From September 17 to 22, the third-floor Gallery 1 at Insa Art Center hosted sculptor Choo Eun-young’s solo exhibition Ataraxia. Borrowing its title from Greek philosophy, the show reimagined the concept of inner tranquility as an aesthetic and structural language.
“Ataraxia,” Choo explains, “is a state of calm beyond the turbulence of desire. Desire drives humanity forward, yet it also creates conflict and destruction. My focus is on how that energy can be restructured and transformed into balance.”

At the heart of her practice lies a motif she has carried for over two decades: the frog. First appearing in 2003 as kinetic wooden sculptures, the frog has since evolved into refined, static forms. “The frog leaps and writhes — much like human desire. In this exhibition, however, I sealed that vitality within form. It’s tension contained inside tranquility.”
What begins as an animal figure extends into psychological and social allegory.
Desire as both engine of progress and root of anxiety applies not only to individuals but to science, society, and history itself.
Choo cites the black hole and the climate crisis as metaphors: “A black hole devours everything until nothing remains. Climate change, too, is the result of human desire turned against us.”
Her interdisciplinary approach reflects a studio overflowing with books, notes, and newspaper clippings. “Art is a way of structuring thought three-dimensionally,” she says. “As I carve wood or weld metal, I read and expand my thinking. My studio is both a workshop and a laboratory of ideas.”

The sculptures resist polish. Metal textures, wood grains, and deliberate rough traces suggest that desire can never be fully erased. Calmness here is not pure absence but a state of balance that holds tension within.
Viewers are invited to become participants rather than passive observers. The works do not dictate meaning but awaken personal memories of desire, anxiety, or peace — what Choo calls “ataraxia as experience.”
Her public-facing ethos underscores this approach. “Art is not a taxidermied object but a medium of dialogue,” she insists, designing exhibitions as immersive structures that encourage audiences to walk, breathe, and reflect within them.
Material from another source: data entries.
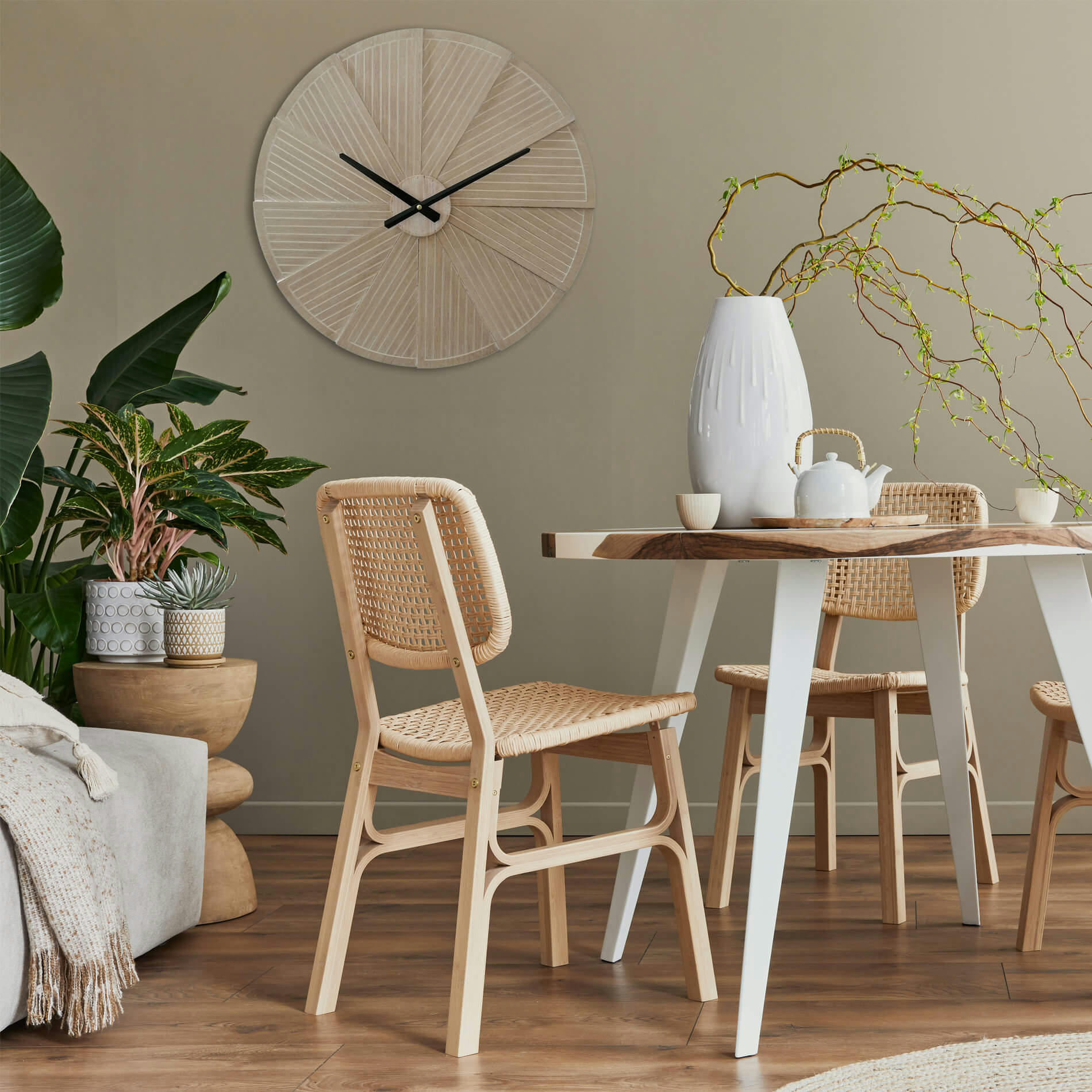 - Horloge ronde beige en mdf style boho 50 cm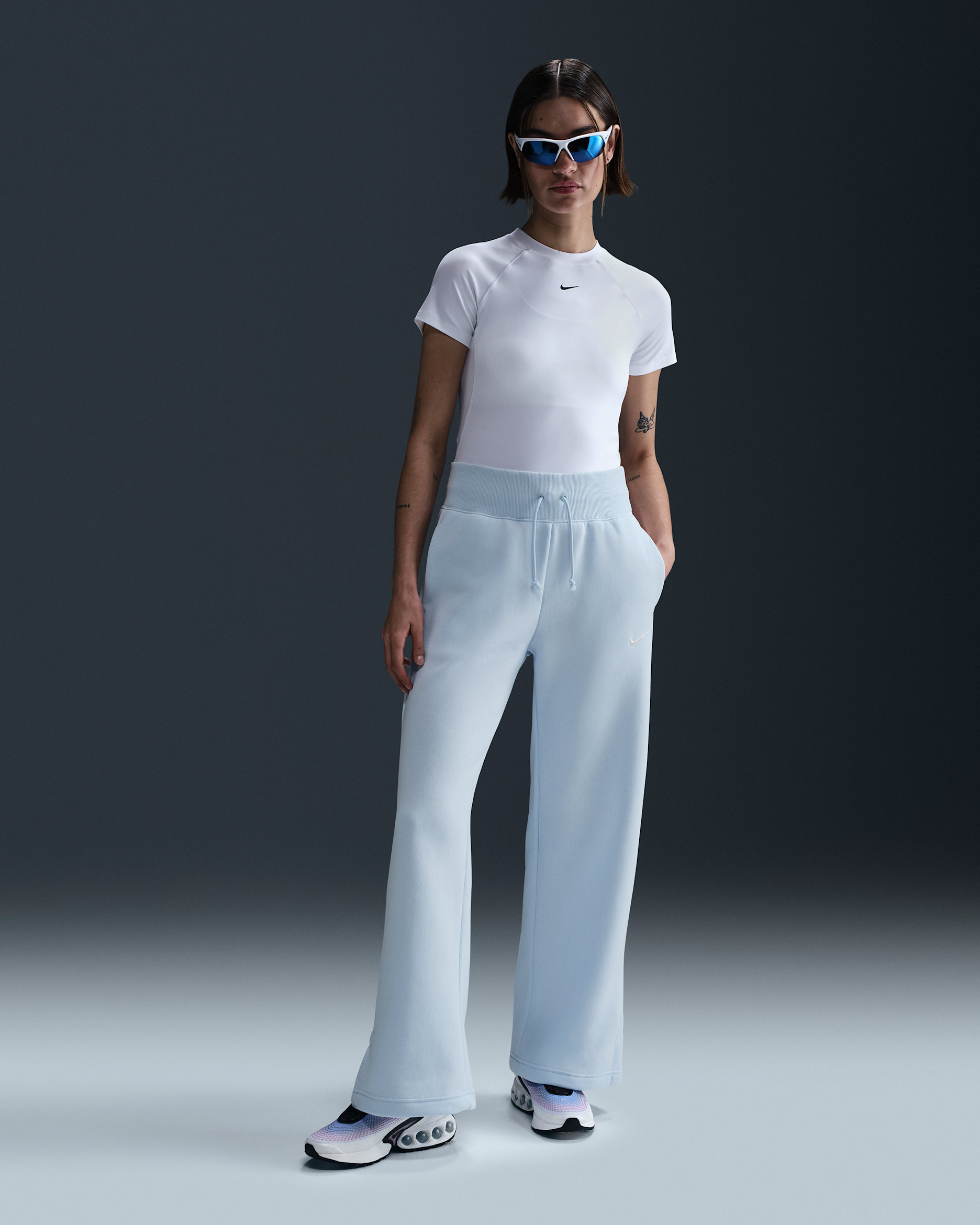 Nike Sportswear Phoenix Fleece Women's High-Waisted Wide-Leg Sweatpants - Blue Tint/Sail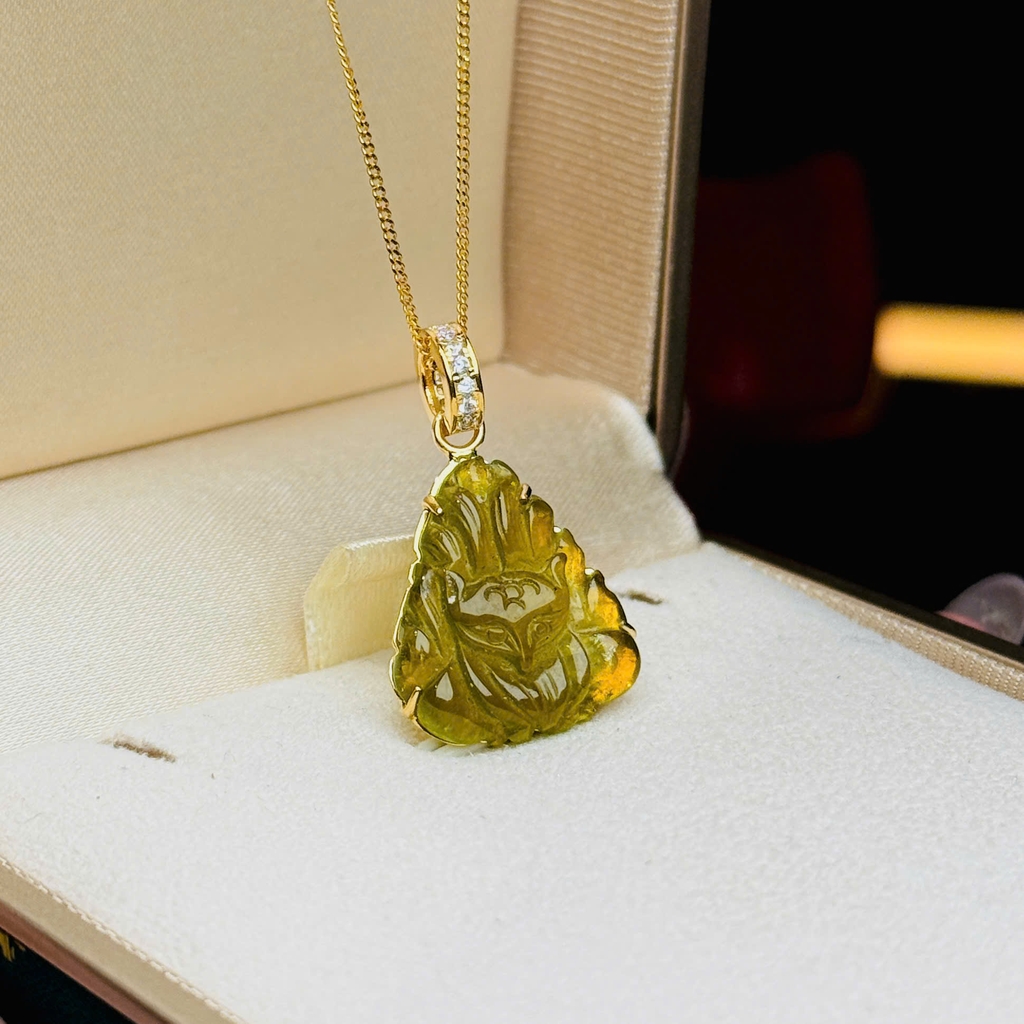 Mặt Dây Hồ Ly Chúa Tourmaline Vàng 10K – Linh Vật Chiêu Tài & Khởi Sắc Tình Duyên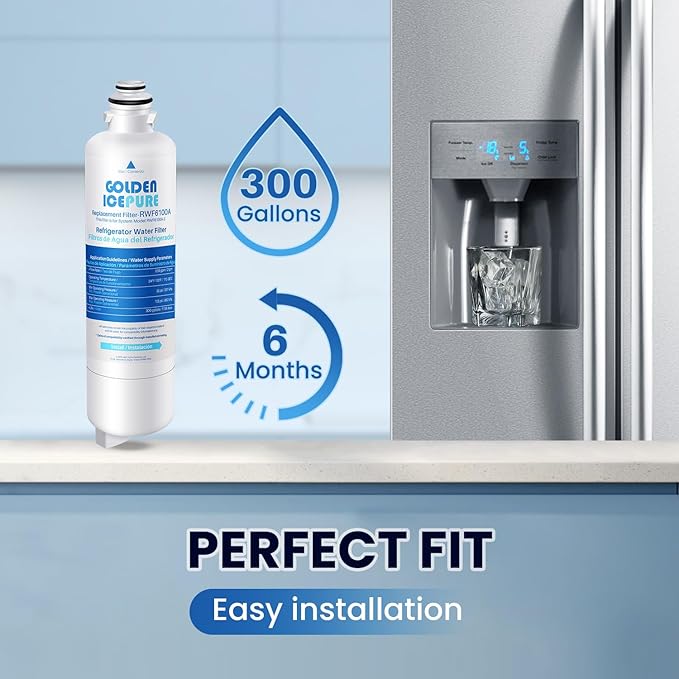 GOLDEN ICEPURE RWF6100A Water Filter, Compatible with BORPLFTR50 Bosch Ultra Clarity Pro, 12033030, 11025825, 11032531, WFC100MF, BORPLFTR55, B36CT80SNS, B36CL80ENS, 3PACK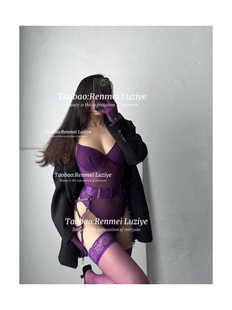 RenmeiLuziye 高级性感连体显瘦紫色高衩诱惑内衣 掌控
Ultimately, Ataraxia embodies Choo’s enduring question: how can opposing forces of desire and tranquility be given form?
The sculptures become more than material objects; they are psychological landscapes and metaphoric devices of their time. Standing before them, one steps briefly into a structure of stillness where desire is momentarily suspended.
Choo Eun-young received her BFA and PhD in Sculpture from Hongik University.